CALIFORNIA’S biggest wildfire on record is expected to burn for the rest of the month, as hot and windy conditions challenged thousands of fire crews battling eight major blazes burning out of control across the state.

The blaze known as the Mendocino Complex grew to span 117,639 hectares by Tuesday, with barely a third of it contained since two wildfires merged at the southern tip of the Mendocino National Forest, the California Department of Forestry and Fire Protection (Cal Fire) said.

It is the largest of the major fires burning out of control across California, prompting US President Donald Trump to declare a "major disaster" in the state.

The size of the blaze has surpassed that of last year's Thomas Fire, which burned 114,078ha and destroyed more than 1000 structures.

Nearly half of the 10 largest California wildfires on record occurred in the past decade.

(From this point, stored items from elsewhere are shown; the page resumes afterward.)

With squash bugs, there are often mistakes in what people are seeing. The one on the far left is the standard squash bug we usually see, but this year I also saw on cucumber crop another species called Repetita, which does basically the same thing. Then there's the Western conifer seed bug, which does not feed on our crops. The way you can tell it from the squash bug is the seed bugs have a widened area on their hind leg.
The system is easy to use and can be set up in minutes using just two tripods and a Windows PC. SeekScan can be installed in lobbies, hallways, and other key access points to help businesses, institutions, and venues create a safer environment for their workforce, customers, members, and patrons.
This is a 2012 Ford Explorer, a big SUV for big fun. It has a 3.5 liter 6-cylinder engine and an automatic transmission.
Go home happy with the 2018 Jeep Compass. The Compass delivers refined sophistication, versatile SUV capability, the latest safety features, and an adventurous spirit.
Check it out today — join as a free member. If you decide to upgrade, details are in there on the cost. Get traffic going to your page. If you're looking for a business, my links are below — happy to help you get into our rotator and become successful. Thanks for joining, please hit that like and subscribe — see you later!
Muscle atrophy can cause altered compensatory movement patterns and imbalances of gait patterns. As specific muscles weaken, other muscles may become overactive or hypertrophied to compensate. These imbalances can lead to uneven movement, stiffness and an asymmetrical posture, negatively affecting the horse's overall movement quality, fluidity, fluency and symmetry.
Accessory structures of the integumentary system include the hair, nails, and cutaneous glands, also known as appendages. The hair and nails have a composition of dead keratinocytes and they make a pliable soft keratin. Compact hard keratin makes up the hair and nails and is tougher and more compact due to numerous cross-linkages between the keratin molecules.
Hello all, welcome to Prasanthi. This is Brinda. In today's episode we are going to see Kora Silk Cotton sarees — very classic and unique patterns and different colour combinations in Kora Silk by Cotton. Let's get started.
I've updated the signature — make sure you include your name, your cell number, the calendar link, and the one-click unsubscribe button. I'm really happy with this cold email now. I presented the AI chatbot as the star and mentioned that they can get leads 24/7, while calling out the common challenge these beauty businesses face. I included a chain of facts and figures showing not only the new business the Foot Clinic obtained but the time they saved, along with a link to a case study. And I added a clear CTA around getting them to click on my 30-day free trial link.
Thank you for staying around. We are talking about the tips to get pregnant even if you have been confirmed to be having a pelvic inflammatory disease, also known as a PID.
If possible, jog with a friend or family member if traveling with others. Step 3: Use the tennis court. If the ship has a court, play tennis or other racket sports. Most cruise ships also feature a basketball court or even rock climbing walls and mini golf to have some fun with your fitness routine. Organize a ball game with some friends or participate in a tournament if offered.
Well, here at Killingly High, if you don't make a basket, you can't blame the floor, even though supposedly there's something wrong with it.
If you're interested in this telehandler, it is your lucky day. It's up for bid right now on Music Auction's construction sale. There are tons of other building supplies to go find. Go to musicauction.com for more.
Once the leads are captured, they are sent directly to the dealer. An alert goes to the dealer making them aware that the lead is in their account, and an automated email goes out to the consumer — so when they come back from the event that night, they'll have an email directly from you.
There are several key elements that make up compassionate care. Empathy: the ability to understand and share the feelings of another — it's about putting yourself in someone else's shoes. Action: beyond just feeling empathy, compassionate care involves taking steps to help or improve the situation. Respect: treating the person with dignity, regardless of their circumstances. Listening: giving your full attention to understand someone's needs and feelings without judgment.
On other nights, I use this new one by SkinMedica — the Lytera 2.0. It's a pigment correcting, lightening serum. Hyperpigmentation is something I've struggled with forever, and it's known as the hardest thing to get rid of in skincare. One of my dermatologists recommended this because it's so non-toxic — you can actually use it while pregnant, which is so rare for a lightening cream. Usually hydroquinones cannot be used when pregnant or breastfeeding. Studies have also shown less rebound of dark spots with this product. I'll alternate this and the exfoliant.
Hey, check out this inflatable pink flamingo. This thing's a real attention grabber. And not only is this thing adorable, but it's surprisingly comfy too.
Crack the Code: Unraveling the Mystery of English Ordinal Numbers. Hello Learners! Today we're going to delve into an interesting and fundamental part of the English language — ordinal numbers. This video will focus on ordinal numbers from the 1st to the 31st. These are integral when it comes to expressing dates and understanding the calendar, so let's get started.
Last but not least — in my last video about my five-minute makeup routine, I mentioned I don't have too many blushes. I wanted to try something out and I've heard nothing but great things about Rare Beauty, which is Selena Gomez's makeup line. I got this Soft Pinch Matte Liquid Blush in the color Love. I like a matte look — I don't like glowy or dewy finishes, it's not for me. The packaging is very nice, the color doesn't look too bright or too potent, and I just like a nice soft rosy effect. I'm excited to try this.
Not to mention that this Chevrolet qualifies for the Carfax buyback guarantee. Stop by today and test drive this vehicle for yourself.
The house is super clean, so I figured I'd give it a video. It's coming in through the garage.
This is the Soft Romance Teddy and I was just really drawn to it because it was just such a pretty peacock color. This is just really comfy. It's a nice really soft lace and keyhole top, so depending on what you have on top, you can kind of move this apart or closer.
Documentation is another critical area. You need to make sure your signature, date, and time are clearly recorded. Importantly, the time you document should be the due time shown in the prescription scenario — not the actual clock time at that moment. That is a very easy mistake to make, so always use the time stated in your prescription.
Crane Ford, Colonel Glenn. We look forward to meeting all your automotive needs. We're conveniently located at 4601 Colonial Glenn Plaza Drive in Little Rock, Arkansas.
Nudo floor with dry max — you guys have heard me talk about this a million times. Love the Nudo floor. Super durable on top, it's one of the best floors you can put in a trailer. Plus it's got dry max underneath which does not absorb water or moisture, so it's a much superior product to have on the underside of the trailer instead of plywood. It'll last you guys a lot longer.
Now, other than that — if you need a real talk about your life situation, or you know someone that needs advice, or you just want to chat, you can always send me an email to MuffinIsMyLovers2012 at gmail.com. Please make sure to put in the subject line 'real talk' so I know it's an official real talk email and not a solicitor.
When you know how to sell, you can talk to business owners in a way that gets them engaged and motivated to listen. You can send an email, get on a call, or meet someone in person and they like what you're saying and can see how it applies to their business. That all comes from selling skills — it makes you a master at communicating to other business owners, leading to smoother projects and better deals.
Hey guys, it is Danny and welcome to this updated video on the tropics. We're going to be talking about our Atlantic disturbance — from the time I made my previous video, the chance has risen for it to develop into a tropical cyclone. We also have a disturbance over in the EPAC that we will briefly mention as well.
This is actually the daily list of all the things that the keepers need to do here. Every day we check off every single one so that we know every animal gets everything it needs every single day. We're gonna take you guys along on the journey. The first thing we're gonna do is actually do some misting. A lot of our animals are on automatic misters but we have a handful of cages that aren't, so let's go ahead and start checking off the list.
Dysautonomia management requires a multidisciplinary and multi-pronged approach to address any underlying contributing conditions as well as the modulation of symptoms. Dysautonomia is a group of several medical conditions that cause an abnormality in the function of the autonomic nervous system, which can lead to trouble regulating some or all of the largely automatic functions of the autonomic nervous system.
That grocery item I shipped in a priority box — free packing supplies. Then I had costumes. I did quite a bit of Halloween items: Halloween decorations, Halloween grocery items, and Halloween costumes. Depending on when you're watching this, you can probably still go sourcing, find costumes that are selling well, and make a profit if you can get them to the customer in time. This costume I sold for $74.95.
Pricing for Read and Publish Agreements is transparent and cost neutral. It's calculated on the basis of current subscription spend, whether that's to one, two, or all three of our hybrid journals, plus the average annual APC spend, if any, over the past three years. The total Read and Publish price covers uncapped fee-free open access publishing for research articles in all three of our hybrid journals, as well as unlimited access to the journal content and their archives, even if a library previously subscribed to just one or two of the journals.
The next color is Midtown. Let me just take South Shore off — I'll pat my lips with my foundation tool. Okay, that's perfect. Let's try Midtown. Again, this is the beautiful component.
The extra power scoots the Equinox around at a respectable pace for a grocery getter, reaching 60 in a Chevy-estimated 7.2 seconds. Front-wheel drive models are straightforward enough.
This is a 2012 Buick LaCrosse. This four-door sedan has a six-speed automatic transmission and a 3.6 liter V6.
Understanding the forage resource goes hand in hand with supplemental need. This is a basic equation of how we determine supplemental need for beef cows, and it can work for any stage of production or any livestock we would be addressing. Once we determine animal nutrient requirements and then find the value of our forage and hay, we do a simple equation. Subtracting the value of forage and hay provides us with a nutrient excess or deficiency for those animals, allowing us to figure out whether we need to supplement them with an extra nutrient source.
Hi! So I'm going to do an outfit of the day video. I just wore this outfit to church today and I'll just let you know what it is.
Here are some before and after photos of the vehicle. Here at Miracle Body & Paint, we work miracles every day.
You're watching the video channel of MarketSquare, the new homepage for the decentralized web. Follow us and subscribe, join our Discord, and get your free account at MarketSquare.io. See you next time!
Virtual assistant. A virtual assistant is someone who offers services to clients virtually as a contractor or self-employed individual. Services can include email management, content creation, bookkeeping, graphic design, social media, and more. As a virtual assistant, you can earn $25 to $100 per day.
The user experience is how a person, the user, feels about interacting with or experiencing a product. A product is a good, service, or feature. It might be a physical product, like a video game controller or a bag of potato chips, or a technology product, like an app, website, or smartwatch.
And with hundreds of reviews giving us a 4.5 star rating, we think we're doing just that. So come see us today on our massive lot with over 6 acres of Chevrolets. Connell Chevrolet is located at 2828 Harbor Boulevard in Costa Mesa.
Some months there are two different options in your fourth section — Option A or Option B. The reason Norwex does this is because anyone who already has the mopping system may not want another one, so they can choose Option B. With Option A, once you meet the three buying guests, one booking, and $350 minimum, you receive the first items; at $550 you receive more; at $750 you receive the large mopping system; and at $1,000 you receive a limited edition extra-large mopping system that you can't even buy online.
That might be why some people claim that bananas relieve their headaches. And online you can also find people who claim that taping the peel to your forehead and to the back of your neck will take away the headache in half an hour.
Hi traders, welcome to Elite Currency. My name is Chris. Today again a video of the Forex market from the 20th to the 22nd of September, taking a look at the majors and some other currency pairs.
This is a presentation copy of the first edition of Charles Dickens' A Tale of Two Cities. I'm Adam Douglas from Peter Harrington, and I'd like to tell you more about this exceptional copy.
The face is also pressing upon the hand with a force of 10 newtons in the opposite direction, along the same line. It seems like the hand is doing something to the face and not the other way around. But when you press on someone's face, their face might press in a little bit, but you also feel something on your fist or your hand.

The Mendocino Complex has burnt 75 homes and forced the evacuation of thousands of people.

Fire officials had hoped to extinguish the fire by mid-August, but pushed that date to early September on Tuesday.

Temperatures could reach 43 degrees Celsius in northern California over the next few days, with gusty winds fanning the flames of the fire, a National Weather Service meteorologist said.

About 3900 people battling the Mendocino Complex were focusing on keeping flames from breaking through fire lines on a ridge above four foothill communities, said Tricia Austin, a spokeswoman for Cal Fire.

Elsewhere in California, evacuations were ordered for some cabins in Orange County on Monday afternoon, after a blaze broke out to quickly engulf 283ha.

The Carr Fire, which has torched 67,582ha in the scenic Shasta-Trinity region north of Sacramento since breaking out on July 23, was 47 per cent contained.

The Carr Fire has been blamed for seven deaths, including that of 21-year-old gas company employee Jay Ayeta.

He was killed in a vehicle crash as he worked with crews in dangerous terrain.

Environmental activists and some politicians say the intensity of the state's wildfire season could be linked in part to climate change.